The offshore wind sector in Scotland is taking off. Recent reports by the European Commission show that, as of February 2011, the Scotland wind farms industry has been given a huge boost thanks to a promise of $45 billion in green investments over the next ten years.
This could well turn this industry into a major part of Scotland's economy. The government has given its commitment to the industry, and the next ten years the technology Scotland wind farms is going to develop, and the installed capacity is set to increase dramatically. In the next decade, it is estimated that 26,000 jobs good be created in Scotland in the green energy sector.
So who are the major players in the wind farm investment sector in Scotland?
Gamesa is one of the big companies with grand plans for Scotland. It has announced that in Glasgow it will construct an offshore wind technology center, and in Dundee it will begin manufacturing turbines.

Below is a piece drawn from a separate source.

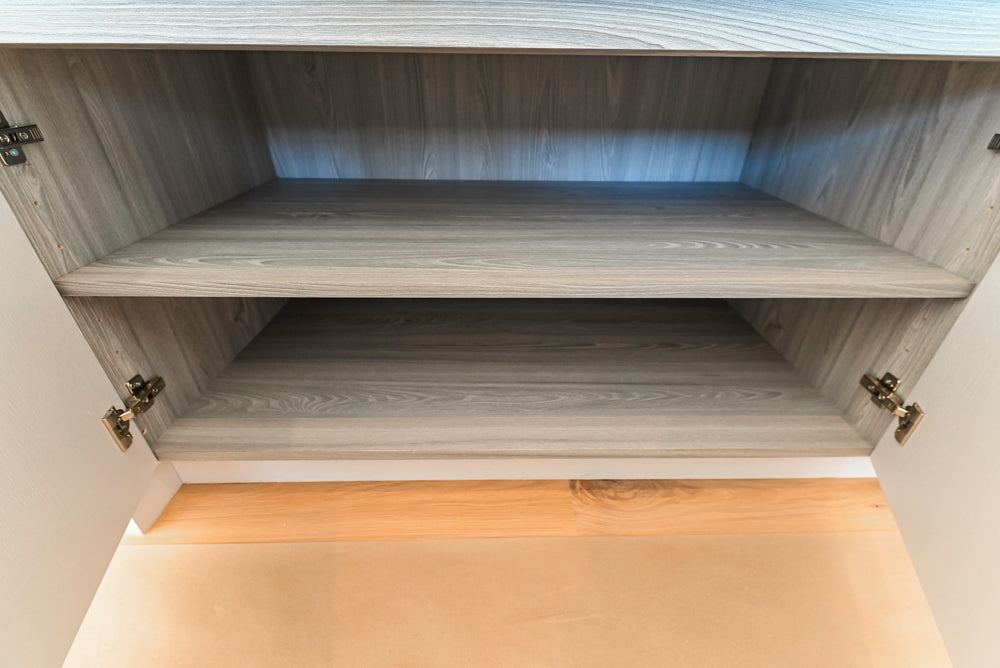 Large White Modern Kitchen with Island and Quartz Countertops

Mitsubishi Power Systems Europe is another company with big green investment plans for Scotland. It will invest more than $150 million into an offshore wind research and development center, with the intention of creating a mass production facility for low-cost offshore wind technology.
Scotland is set to play a key role in the development of green energy production in Europe, and this has been recognized by the report by the European Commission, in which it praised Scotland's desire to become a major force in the offshore wind farm industry. The report highlighted that Europe needs an integrated grid so that it will be easier for countries to purchase renewable energy from each other. In fact Scotland is working to create a North Sea grid, along with 9 other countries, so that it can export excess power.
Scotland is a perfect example of how offshore wind farms, wave, tidal and onshore potentials can be combined to produce a large amount of power. Experts have calculated that by 2050, the offshore capacities in Scotland will reach an impressive 68 gigawatts. Green investors will do well to research further into the companies such as Gamesa and Mitsubishi Power Systems Europe, as their prospects look very bright indeed.